Celebrity nail artist Sigourney Nuñez agrees, adding that inspiration from the 2000s provides beauty lovers with fond memories of the past, especially in the midst of an ongoing pandemic. "We are living through very tumultuous times, so it makes sense to turn to nostalgia for comfort, which is a big reason Y2K trends are back," she explains.
Aside from featuring cheery, colorful designs with a mix of line depths and accents, the French twist is also known to include a range of nail art illustrations that help elevate its modern design even further. "Nail art in general is pretty noncommittal. Nail polish can last four to six days without a chip, and a gel manicure can last up to three weeks. So in general, people are more likely to get more playful with color since it doesn't last very long," Nuñez adds. "Some other Y2K trends that are translating to nails are hearts and butterflies paired with colorful French tips."
Minerva says that many versions of the popular nail trend were used as part of beauty looks for the cast of Euphoria in Season 2. "I see French twists on Instagram every day! I actually did quite a few fun French variations on Euphoria with Alexa, Sydney, and Barbie for their characters. It's just a fun way to dress up a nail."
Marissa Galante Frank, Bloomingdale's fashion director for accessories and beauty, says that hit TV shows like Euphoria have continued to set the pace when it comes to informing today's makeup and nail trends. "We're seeing beauty brands embrace more color, glitter, and embellishments like crystals in their assortment. It reflects that Y2K style and is also a nod to popular shows known for their incredible beauty looks, like Euphoria," she says. "The nail trends happening right now mirror the overall mood within beauty and accessories, as we're all looking to have fun, express ourselves, and embrace some color and sparkle along the way. If we want to wear glitter eyeliner and carry a crystal handbag, why would our opinion on nails be any different?"
As newly emboldened nail enthusiasts continue taking beauty into their own hands with the help of expert tutorials online, professionals have seen an increase in sales of at-home nail kits and tools. Nuñez says she's also seen an increase in clients and consumers looking to up their personal nail art skills, due in part to the effects of the pandemic. "Products like nail kits and polish are selling, because people learned how to do their own nails during quarantine. Since salons were closed, people turned to Instagram and TikTok to learn how to properly remove their enhancements at home, which was likely the gateway to DIY manicures for some people. Nail stickers are also popular at the moment, because they're super easy to apply for the nail pro and the everyday consumer."
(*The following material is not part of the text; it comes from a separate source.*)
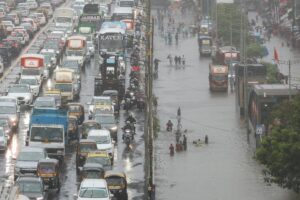 Atascos de tráfico en Bombay debido a las inundaciones generadas por las fuertes lluvias de las últimas jornadas. EFE/EPA/DIVYAKANT SOLANKI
When it comes to planning your next manicure idea, experts say the Y2K influence has a lasting grip on current nail trends and is here to stay—at least for the next several months. "It's hard to imagine anything people haven't covered with how broad-scope the Internet is in spreading and pushing nail trends," Minerva says. "All I can really say in terms of the trajectory of Y2K-style nails is that it's not going away anytime soon, and people aren't holding back on color, texture, or patterns."
Get Sigourney Nuñez's Shroomy French nails, inspired by Harry Styles's Pleasing:
Apply a base coat to prepped nails.
Use the detail brush and Pleasing's Vine Ripe Polish to paint small circles on the free edge, creating big dots that replicate a mushroom.
Add a coat of Pleasing's The Whole Dewniverse to complete the look with a subtle holo finish.
Get Natalie Minerva's Paradise French nails:
Apply Round Short Natural Apres Gel X extensions for length.
Starting in the middle of the top of the nail with a very thin liner brush, paint a thin half-line in blue with Riccagel 162M.
Next, take black gel polish (opt for Riccagel 002M) and complete the other half of the French design, making it the same width as its tricolor side.
Finish off the look with a top gel coat and cure to set.